Task details: Line by line, repeat the material below exactly and skip the images.

Exercise data:
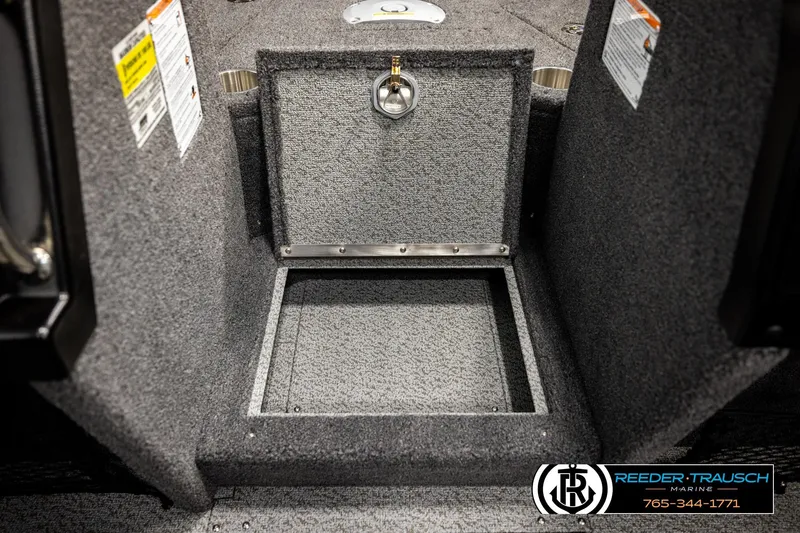Slide: The Image of Interior storage compartment of 2026 Lund 1875 Tyee boat, featuring carpeted finish. - 25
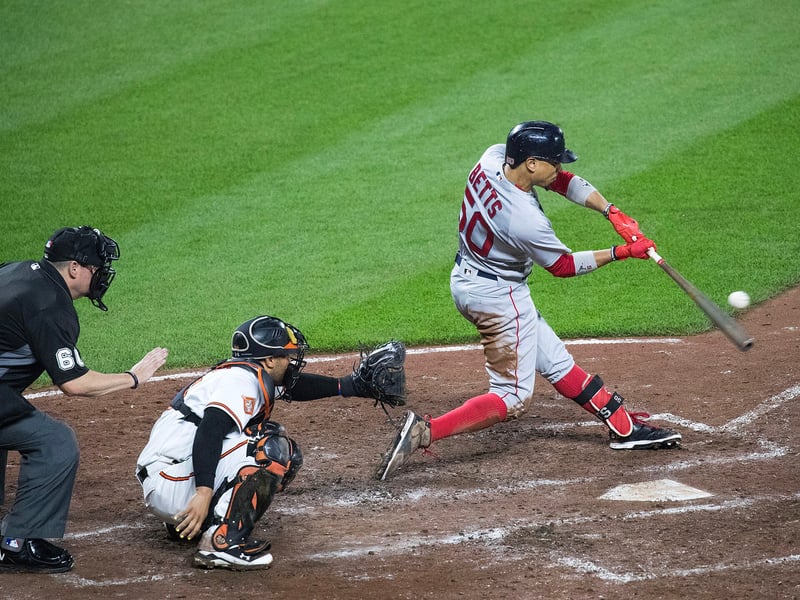 Baseball batter Mookie Betts making contact with the pitch as the catcher reaches for it and the umpire watches from behind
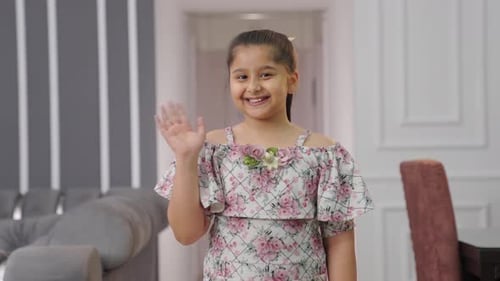 Happy Indian kid girl greeting to the camera by waving Hello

Result for this task:
Slide: The Image of Interior storage compartment of 2026 Lund 1875 Tyee boat, featuring carpeted finish. - 25
 Baseball batter Mookie Betts making contact with the pitch as the catcher reaches for it and the umpire watches from behind
 Happy Indian kid girl greeting to the camera by waving Hello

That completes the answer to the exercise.